Material provided -

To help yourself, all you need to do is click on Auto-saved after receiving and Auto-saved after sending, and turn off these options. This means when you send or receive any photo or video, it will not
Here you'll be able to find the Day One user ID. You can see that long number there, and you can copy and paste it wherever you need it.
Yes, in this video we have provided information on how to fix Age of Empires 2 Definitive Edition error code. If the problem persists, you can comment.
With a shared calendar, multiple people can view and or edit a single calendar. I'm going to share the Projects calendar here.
--
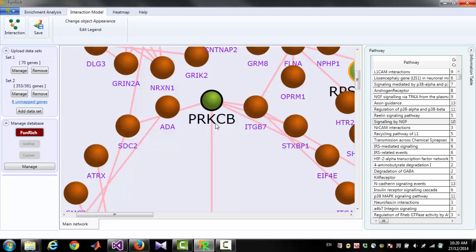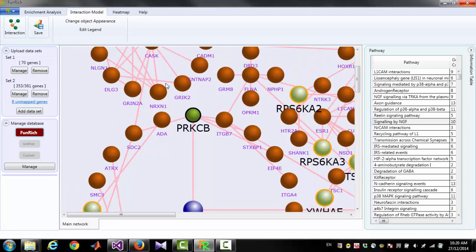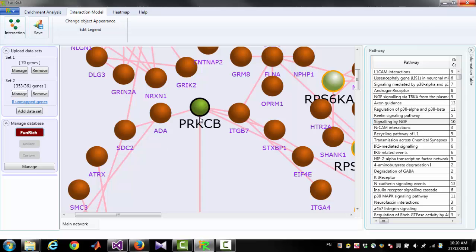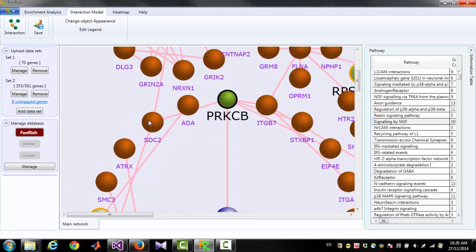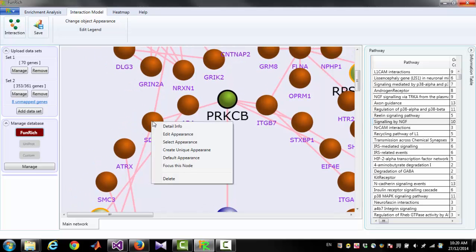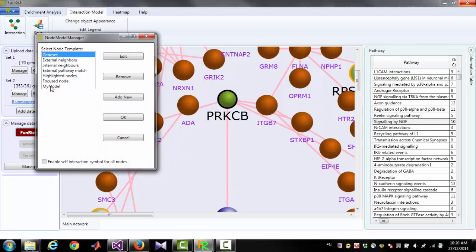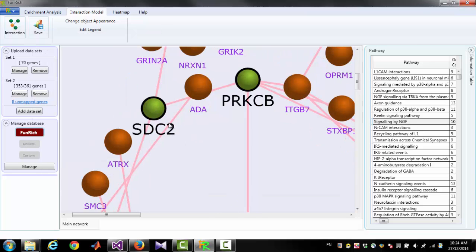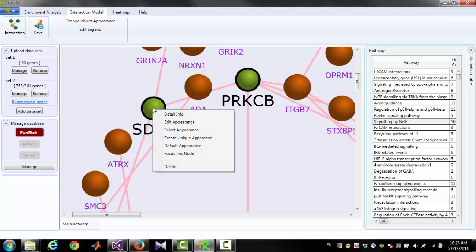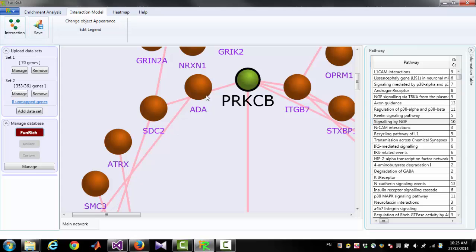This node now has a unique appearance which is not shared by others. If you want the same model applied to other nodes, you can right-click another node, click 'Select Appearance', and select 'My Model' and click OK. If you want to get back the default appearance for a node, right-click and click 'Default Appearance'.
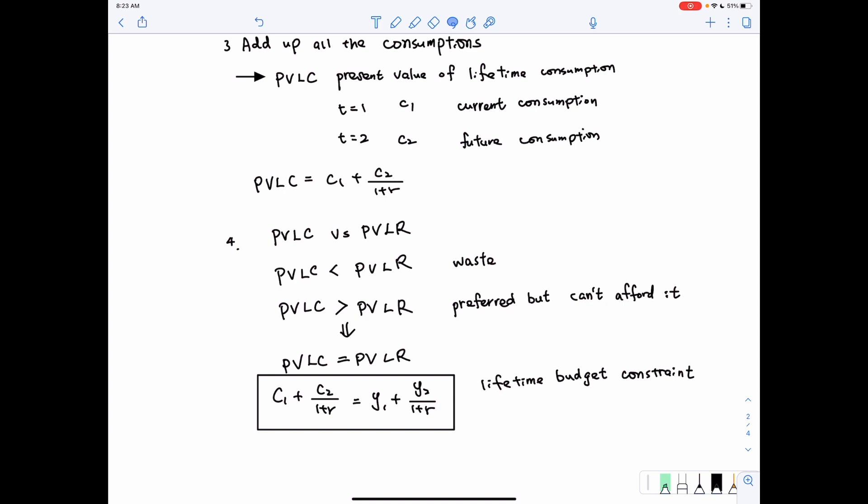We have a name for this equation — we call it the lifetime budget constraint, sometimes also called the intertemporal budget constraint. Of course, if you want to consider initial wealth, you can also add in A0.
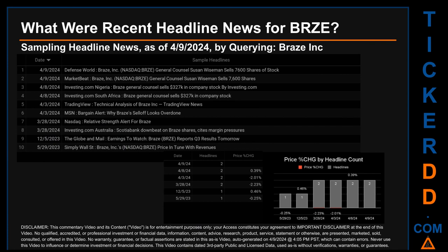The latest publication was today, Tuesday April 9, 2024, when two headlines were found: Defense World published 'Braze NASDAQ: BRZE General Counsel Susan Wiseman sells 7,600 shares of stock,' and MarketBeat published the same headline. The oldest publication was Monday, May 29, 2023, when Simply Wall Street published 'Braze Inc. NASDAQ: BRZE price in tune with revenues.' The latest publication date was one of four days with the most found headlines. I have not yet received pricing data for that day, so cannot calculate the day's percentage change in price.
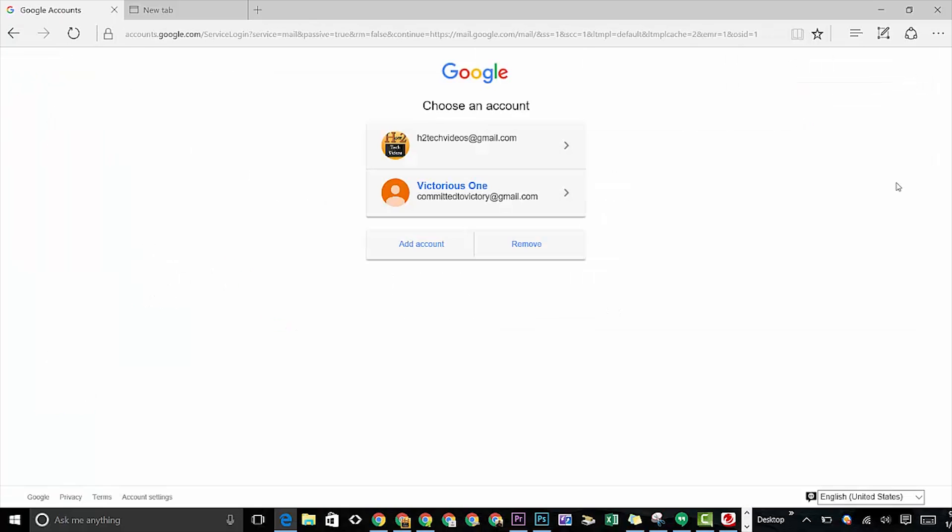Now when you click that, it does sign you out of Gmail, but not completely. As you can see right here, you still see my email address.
--
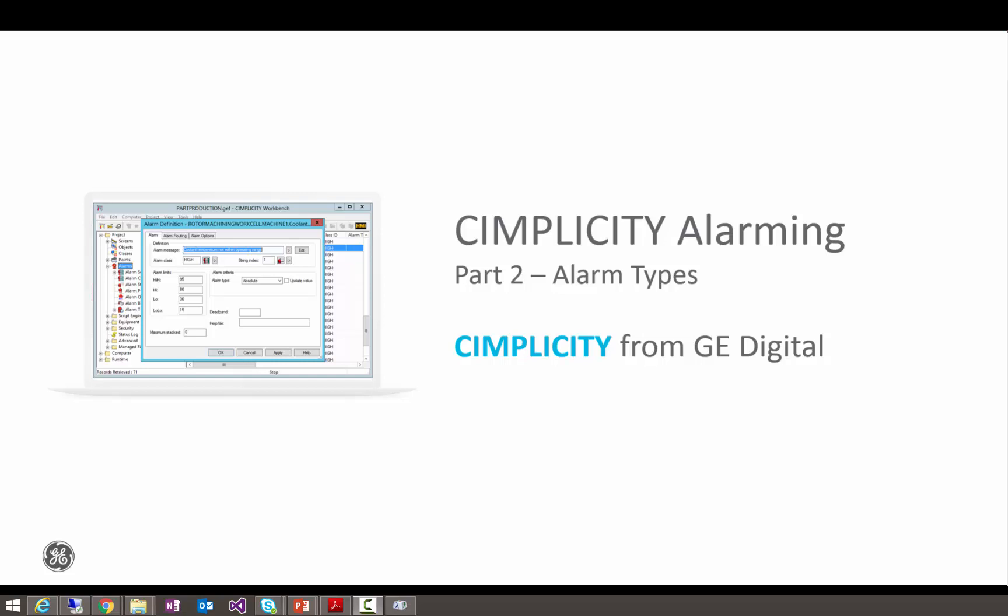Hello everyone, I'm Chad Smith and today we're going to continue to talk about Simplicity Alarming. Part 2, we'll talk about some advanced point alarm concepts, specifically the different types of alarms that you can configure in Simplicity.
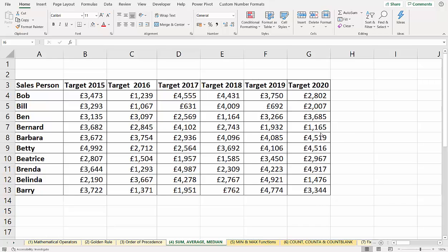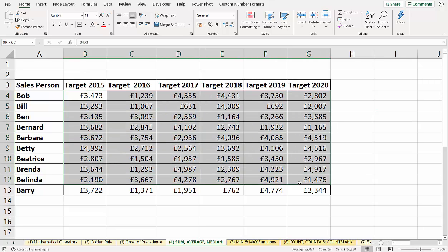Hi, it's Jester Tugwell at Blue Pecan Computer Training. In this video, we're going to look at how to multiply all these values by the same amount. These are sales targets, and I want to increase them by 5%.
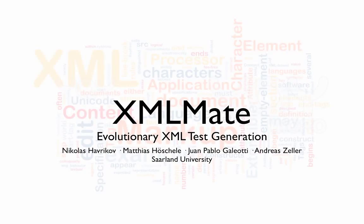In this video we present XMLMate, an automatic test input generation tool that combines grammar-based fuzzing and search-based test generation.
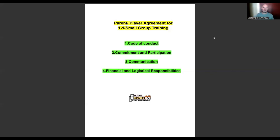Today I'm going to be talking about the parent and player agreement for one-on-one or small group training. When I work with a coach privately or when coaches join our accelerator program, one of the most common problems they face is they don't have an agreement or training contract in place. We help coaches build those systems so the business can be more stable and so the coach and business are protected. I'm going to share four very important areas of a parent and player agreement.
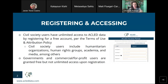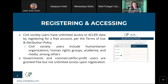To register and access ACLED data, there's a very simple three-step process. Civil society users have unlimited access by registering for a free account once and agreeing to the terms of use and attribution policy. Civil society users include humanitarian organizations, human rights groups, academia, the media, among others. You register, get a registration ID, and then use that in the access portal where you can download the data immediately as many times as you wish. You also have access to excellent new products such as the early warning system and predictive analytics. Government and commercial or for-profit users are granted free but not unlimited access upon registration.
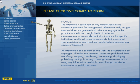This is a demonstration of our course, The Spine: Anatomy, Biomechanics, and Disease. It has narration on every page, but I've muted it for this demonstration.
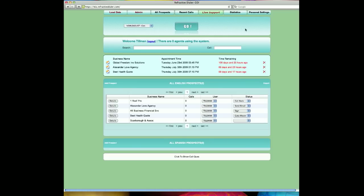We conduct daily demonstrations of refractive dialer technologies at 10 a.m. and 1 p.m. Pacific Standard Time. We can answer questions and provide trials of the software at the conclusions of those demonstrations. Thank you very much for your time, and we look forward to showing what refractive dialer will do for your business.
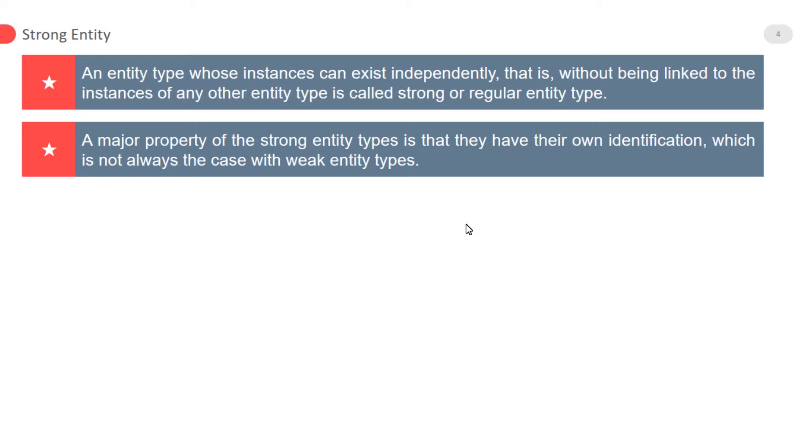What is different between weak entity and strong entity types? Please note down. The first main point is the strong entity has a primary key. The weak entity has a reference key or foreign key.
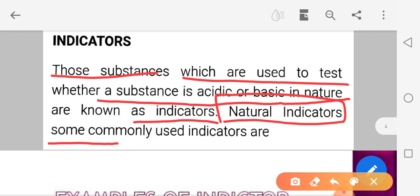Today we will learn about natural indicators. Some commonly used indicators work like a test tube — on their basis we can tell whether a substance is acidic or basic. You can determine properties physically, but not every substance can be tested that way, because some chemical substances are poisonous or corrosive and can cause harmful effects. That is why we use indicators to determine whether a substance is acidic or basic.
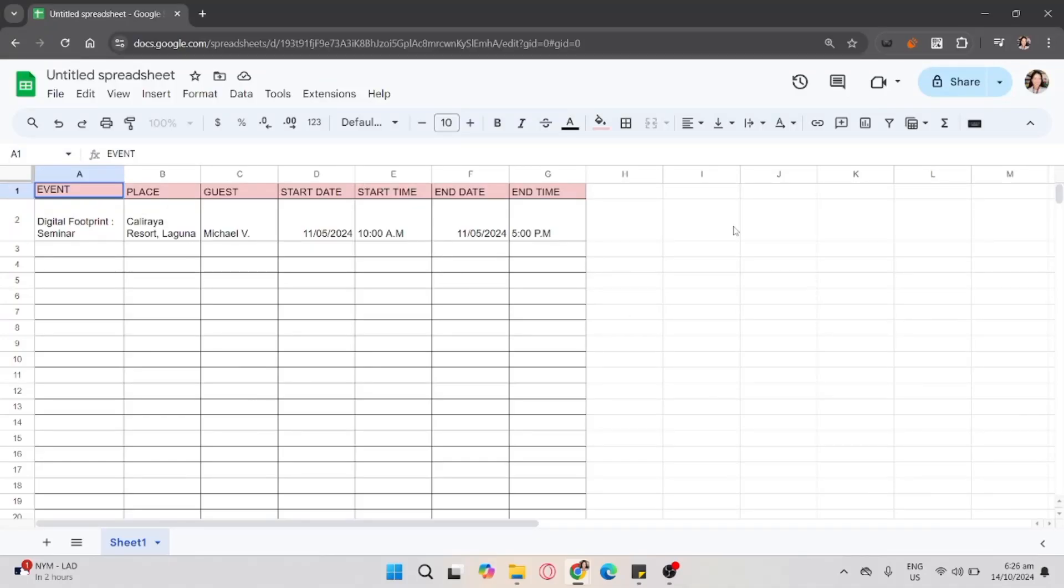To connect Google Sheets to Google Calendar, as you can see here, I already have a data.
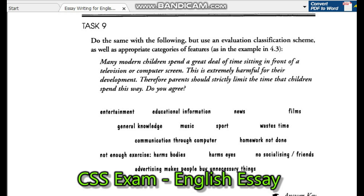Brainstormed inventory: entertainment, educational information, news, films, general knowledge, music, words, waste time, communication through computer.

Description of the task - Will you return exactly the lines above from the one with "To help yourself, all" down to the one with "With a shared", counting both as part of the range?

Response area -
To help yourself, all you need to do is click on Auto-saved after receiving and Auto-saved after sending, and turn off these options. This means when you send or receive any photo or video, it will not
Here you'll be able to find the Day One user ID. You can see that long number there, and you can copy and paste it wherever you need it.
Yes, in this video we have provided information on how to fix Age of Empires 2 Definitive Edition error code. If the problem persists, you can comment.
With a shared calendar, multiple people can view and or edit a single calendar. I'm going to share the Projects calendar here.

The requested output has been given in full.